Julia Leeb hat keine Angst, oder sie hat doch welche und überwindet sie immer wieder. Sie sagt: „Mich interessieren die Orte, von denen keine Informationen nach außen gelangen. Die Orte, wo keine Journalisten reinkommen. Das sind die toten Winkel unserer Welt und die will ich beleuchten.“

So viel Mut wie Julia Leeb hätte ich niemals. Aber ich lerne trotzdem was von ihr. Wie wichtig es ist, dass ich hinschaue, gerade dorthin wo sonst die meisten wegschauen. Dafür muss ich gar nicht in gefährliche Länder reisen, hinschauen ist auch in meinem Leben im sicheren Deutschland ein echter Auftrag. Wenn ich mitkriege wie schlecht es meinem Nachbarn im Haus gegenüber geht oder wenn ich zufällig der Frau aus unserem Ort begegne, die ich schon so lange kenne und deren Mann vor kurzem gestorben ist. Da heißt hinschauen, dass ich meinen Mut zusammen nehme, hingehe und ein kleines Gespräch anfange oder eine Kleinigkeit vorbeibringe. Es gibt so viele dunkle Ecken oder tote Winkel, auch in meiner Welt.

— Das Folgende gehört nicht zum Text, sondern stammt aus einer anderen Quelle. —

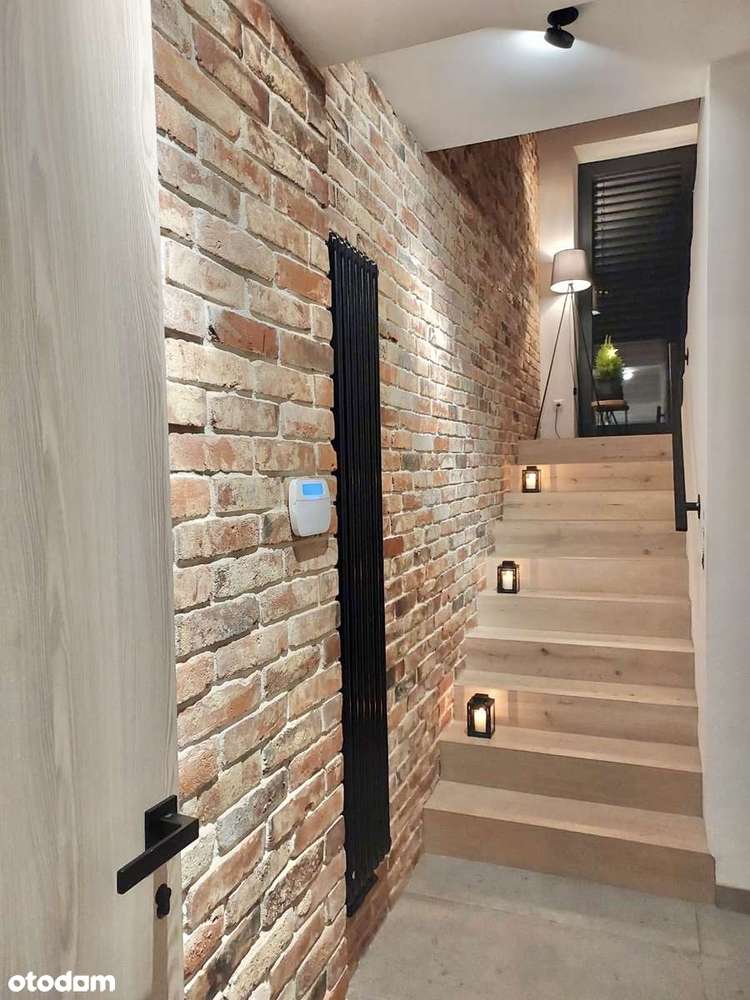 Elegancka połowa domu z ogrodem na granicy Mysłowic z Katowicami - Pełny obrazek: 2/16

Die blöden Sprüche an der Haltestelle über den jungen Mann, der anders aussieht, oder die immer gleichen üblen Kommentare über die Kollegin, die niemand mag. Da schauen viele gerne weg, ich auch.

Die Fotojournalisten Julia Leeb hat Recht. Egal, wie mutig ich bin: es kommt darauf an, dass ich hinschaue und irgendwie in den dunklen Ecken Licht anmache.